MATERIALS PROVIDED
------------------------------------------------------------------------
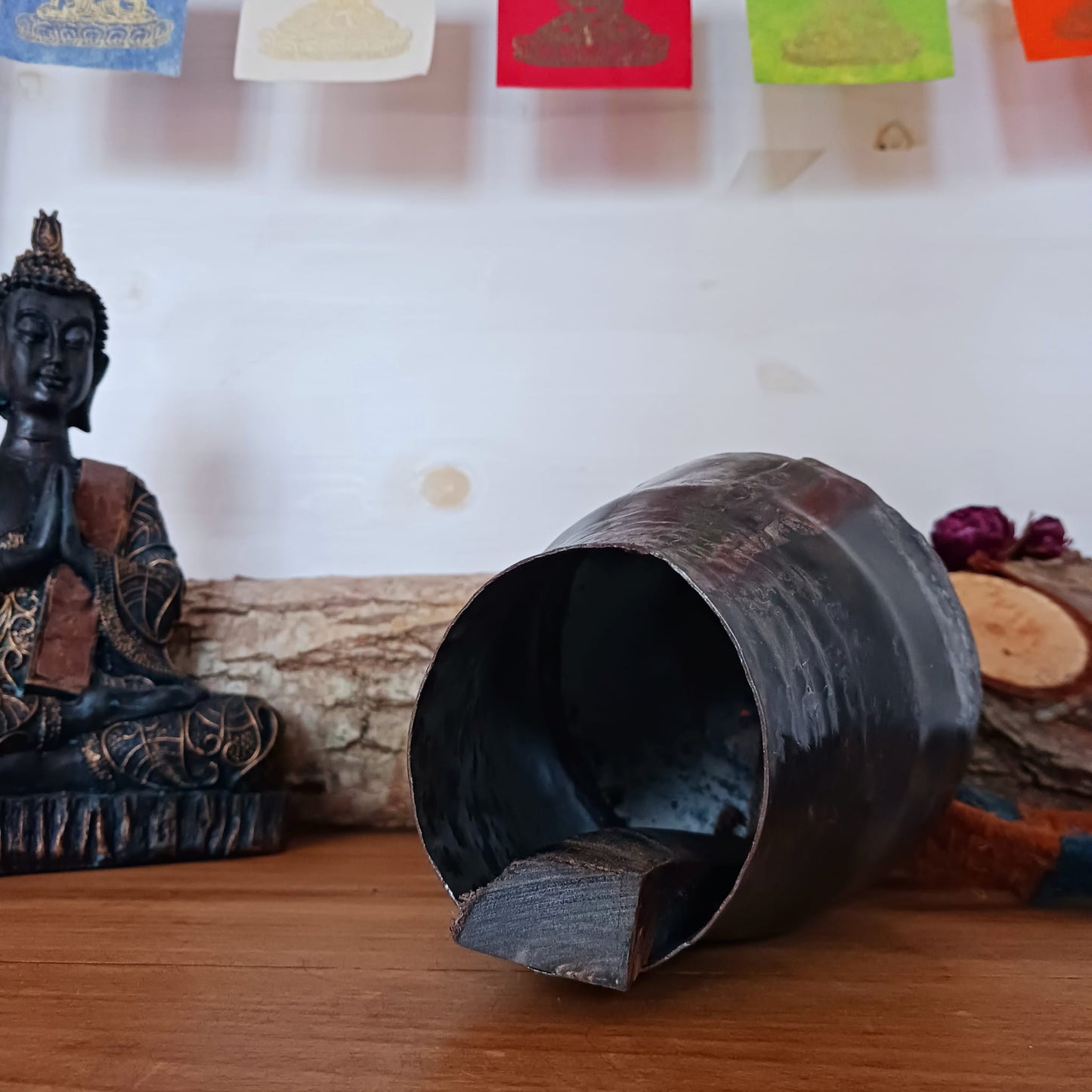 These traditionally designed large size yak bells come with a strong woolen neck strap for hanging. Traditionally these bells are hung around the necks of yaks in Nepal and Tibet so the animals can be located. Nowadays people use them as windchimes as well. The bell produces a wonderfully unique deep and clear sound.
------------------------------------------------------------------------
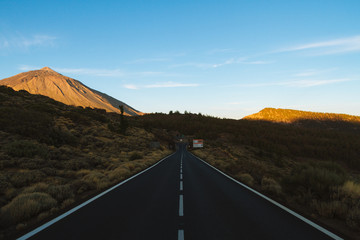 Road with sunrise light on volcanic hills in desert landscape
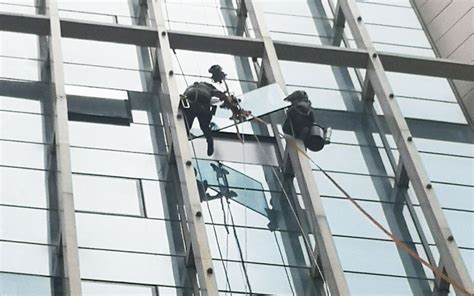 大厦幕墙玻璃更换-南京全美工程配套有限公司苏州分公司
------------------------------------------------------------------------
ACTIVITY
When copying from the data above, print only the lines from the line containing "Road with sunrise" to the line containing "大厦幕墙玻璃更换-南京全美工程配套有限公司苏州分公司", exactly, and leave the pictures out.

RESPONSE TO THIS EXERCISE
 Road with sunrise light on volcanic hills in desert landscape
 大厦幕墙玻璃更换-南京全美工程配套有限公司苏州分公司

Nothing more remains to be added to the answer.